▶ _Records for processing_
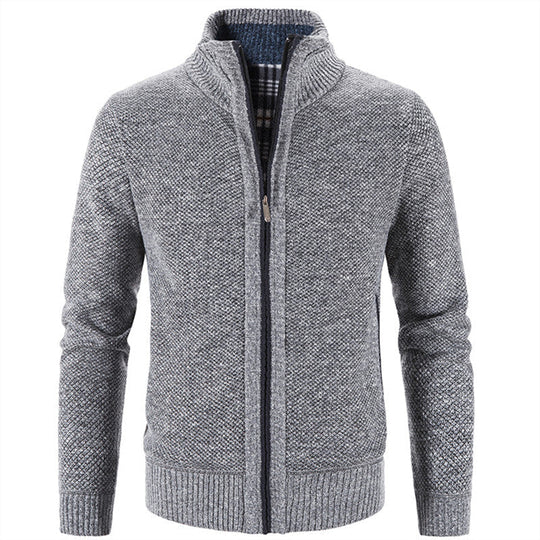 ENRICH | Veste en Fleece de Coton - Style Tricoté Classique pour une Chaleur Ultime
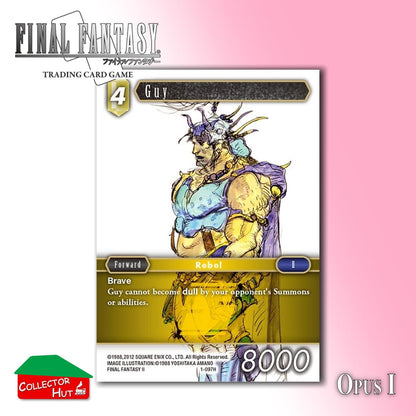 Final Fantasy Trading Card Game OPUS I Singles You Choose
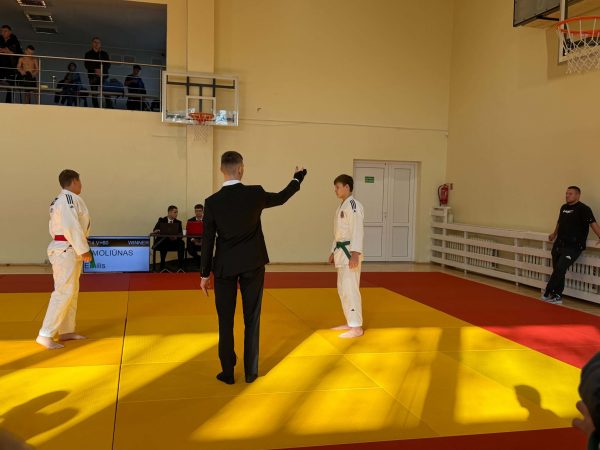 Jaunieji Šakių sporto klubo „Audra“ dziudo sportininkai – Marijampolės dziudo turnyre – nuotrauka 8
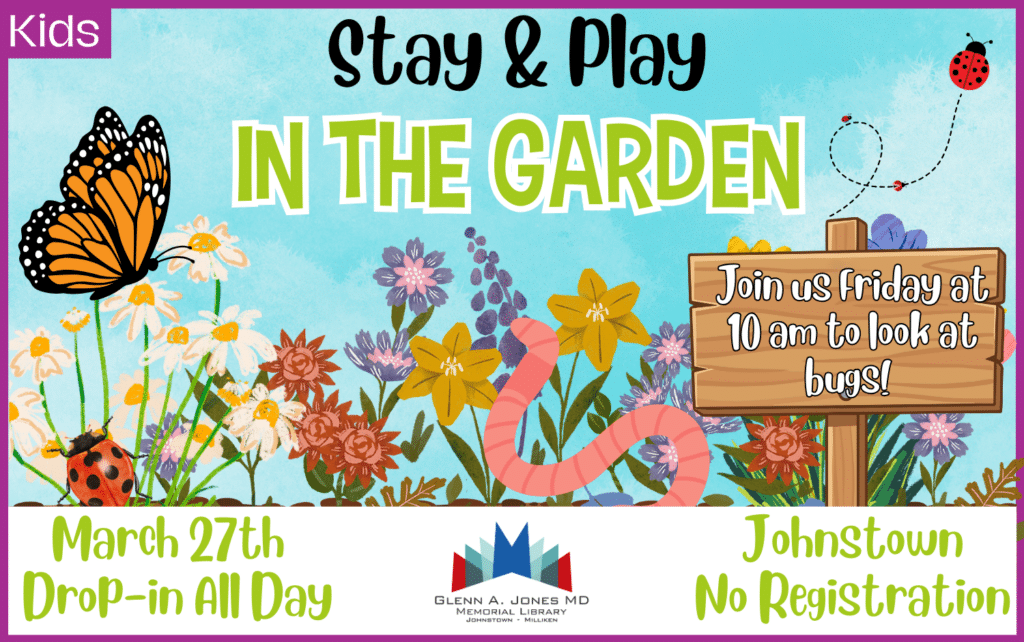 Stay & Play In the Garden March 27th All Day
==
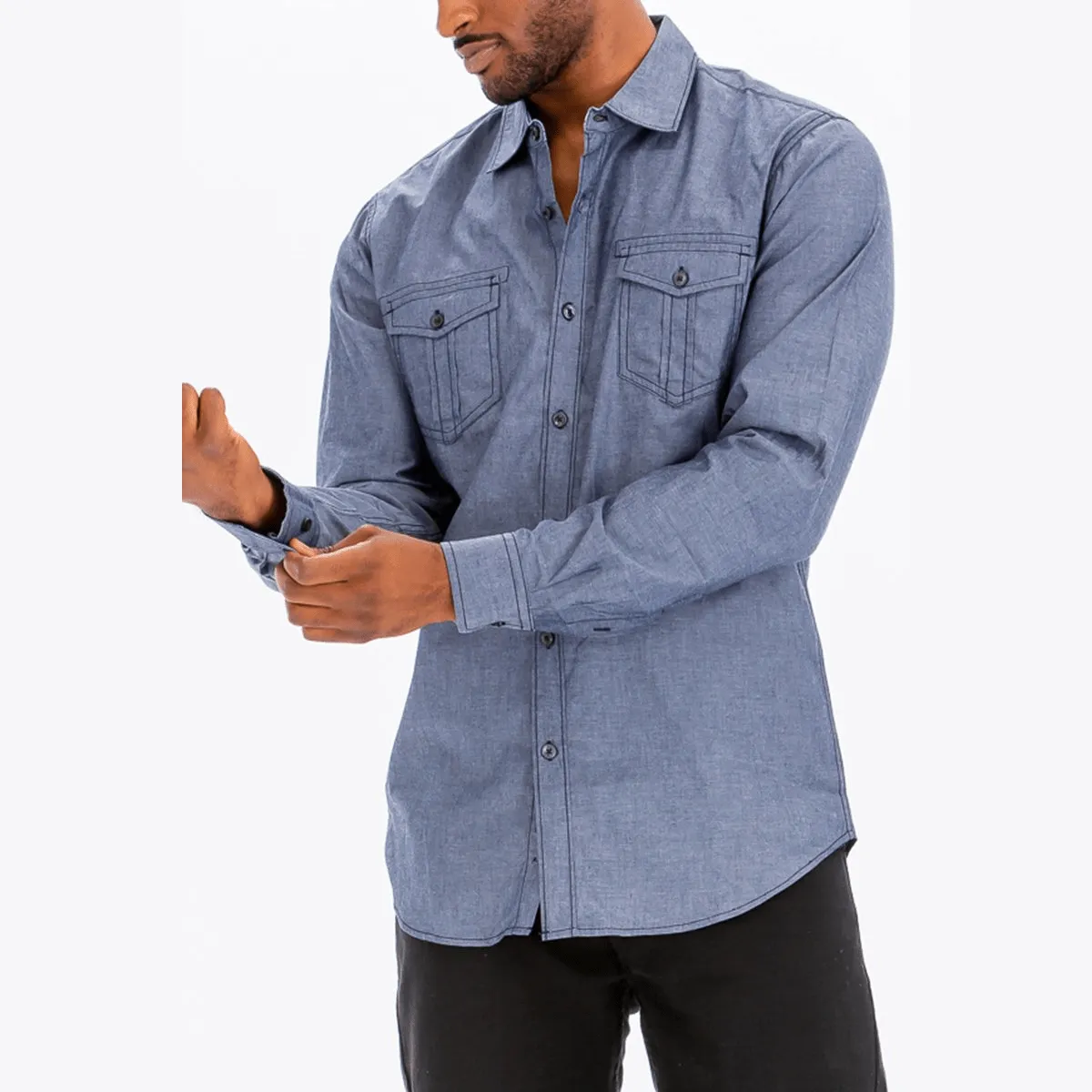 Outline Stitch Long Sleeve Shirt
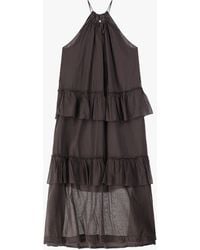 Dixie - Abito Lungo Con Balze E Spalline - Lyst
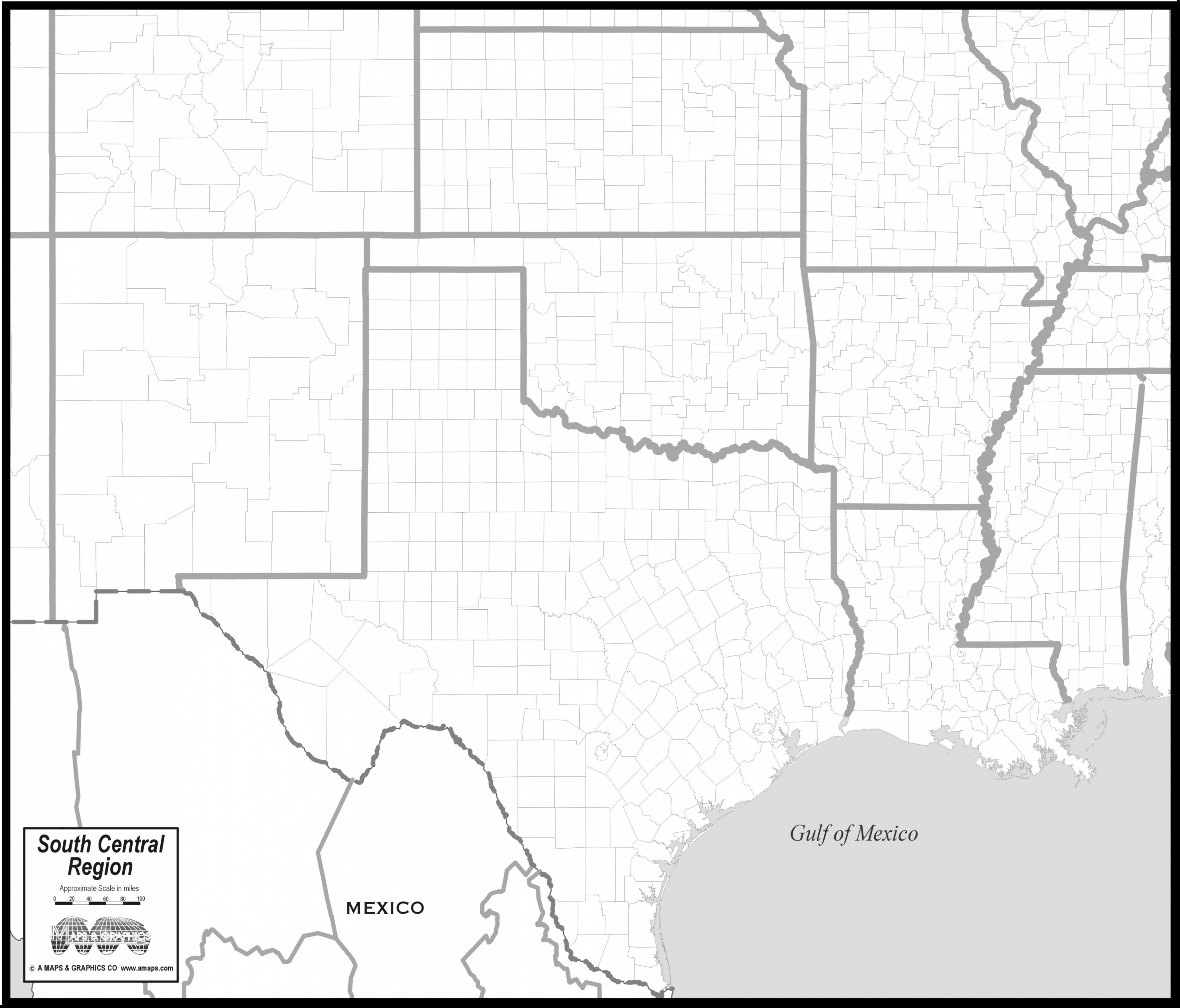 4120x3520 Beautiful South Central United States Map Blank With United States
...
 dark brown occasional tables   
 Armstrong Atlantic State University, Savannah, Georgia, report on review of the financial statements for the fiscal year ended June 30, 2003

▶ _Work to be completed_
Within the entries above, the lines from the one containing "ENRICH | Veste" through the one containing "Stay & Play In the Garden March 27th All Day" are to be transcribed exactly, ends included, pictures excluded.

▶ _Solution_
 ENRICH | Veste en Fleece de Coton - Style Tricoté Classique pour une Chaleur Ultime
 Final Fantasy Trading Card Game OPUS I Singles You Choose
 Jaunieji Šakių sporto klubo „Audra“ dziudo sportininkai – Marijampolės dziudo turnyre – nuotrauka 8
 Stay & Play In the Garden March 27th All Day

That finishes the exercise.